Unemployment benefits pay some wage replacement to those who are temporarily out of work through no fault of their own. The unemployment compensation system is a joint federal-state program. Federal law provides a general framework and kicks in extra compensation when unemployment is high; state law determines who is eligible for benefits, how much applicants will receive, how long benefits will last, and what procedures must be followed to apply for, receive, or appeal the denial of benefits.
Eligibility for Unemployment
There are a few basic eligibility criteria for unemployment:
- The employee must have earned a minimum amount, worked a minimum period of time, or both, prior to applying for benefits.
- The employee must be out of work through no fault of his or her own. Employees who voluntarily quit their jobs without good cause or who are fired for serious misconduct, for example, won't qualify for benefits.

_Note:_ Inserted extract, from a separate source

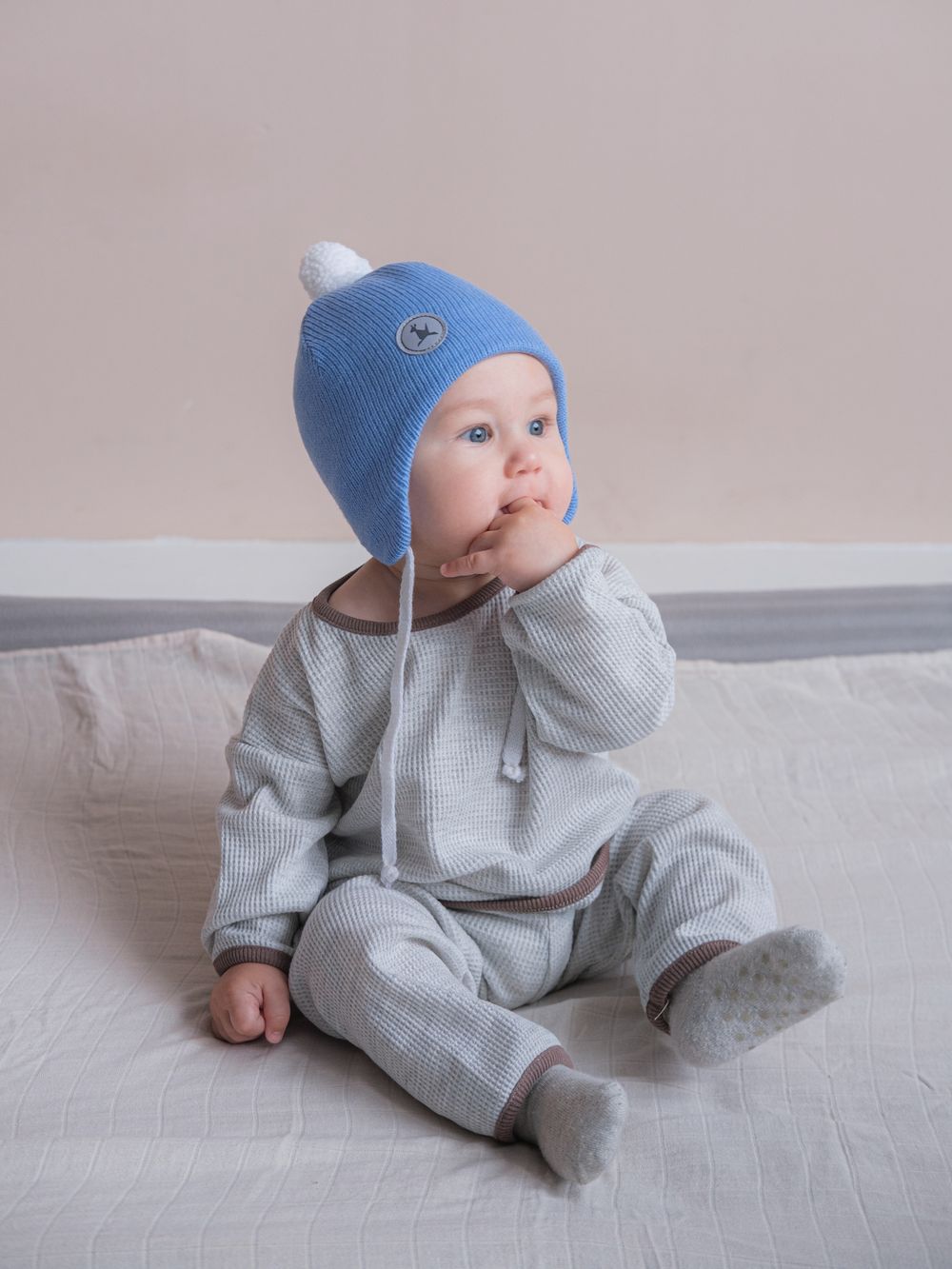 Шапка зимняя вязаная (Голубой) БОН-БОН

- The employee must be able, available, and actively looking for work.
State laws define these terms differently. For example, what constitutes good cause to quit in one state might not fit another state's definition. And, each state has its own minimum earnings or work requirements. For more information on each of these requirements, see Who Is Eligible for Unemployment? To find out your state's rules, go to your state's unemployment agency; see State Unemployment Agencies for links to each state's unemployment website.
Applying for Unemployment
Most states allow applicants to file a claim for benefits online, by phone, or by mail. You will need to provide information about yourself (such as your address and Social Security number), your earnings, and why you are out of work. The agency may contact you to ask questions about your application; it may also contact your most recent employer. If the agency determines that you are eligible for benefits, it will send you an eligibility notice and begin processing your benefits.
If your application is granted, you will have to follow your state's procedures to claim benefits each week. You may have to file a claim form, call the agency at a particular time each week, or complete an online interview regarding your job search and availability to work.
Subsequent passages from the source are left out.